Background: Colorectal cancer (CRC) is one of the most common cancers worldwide. The mechanisms underlying metastasis, which contributes to poor outcomes, remain elusive.

Methods: We used the Cancer Genome Atlas dataset to compare mRNA expression patterns of integrin α6 (ITGA6) and integrin β4 (ITGB4) in patients with CRC. We measured ITGA6 and ITGB4 expression levels in highly metastatic (i.e., HCT116 and SW620) and lowly metastatic (i.e., SW480 and Caco2) CRC cell lines. Exosomes were isolated from cell culture media and characterized using western blotting and nanoparticle analyses. The role of exosomes in lung metastasis was investigated using xenograft experiments in mice models, which received CRC cell injection and were treated with exosomes.

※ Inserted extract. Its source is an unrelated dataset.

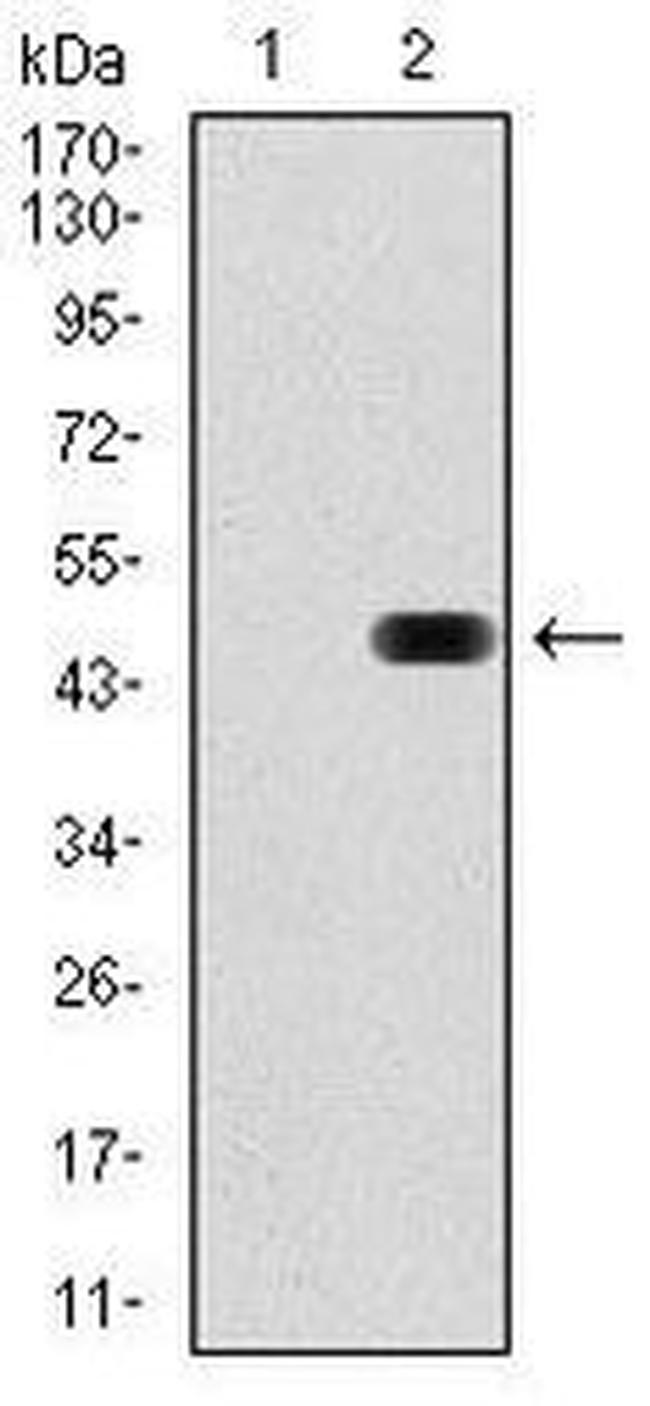 RAP1A Antibody in Western Blot (WB)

Results: ITGA6 and ITGB4 were significantly overexpressed in CRC tissues, and ITGA6 was associated with the American Joint Committee on Cancer (AJCC) stage and outcome. ITGA6 and ITGB4, as well as exosomal ITGA6 and ITGB4, were significantly more highly expressed in HCT116 and SW620 cells than in SW480 and Caco2 cells. The proliferation and tubulogenesis of vascular endothelial cells were markedly decreased by disruption of ITGA6 and ITGB4 but were markedly increased by ectopic expression of ITGA6 and ITGB4. Exosomal ITGA6 and ITGB4 promoted CRC metastasis to the lung in vivo.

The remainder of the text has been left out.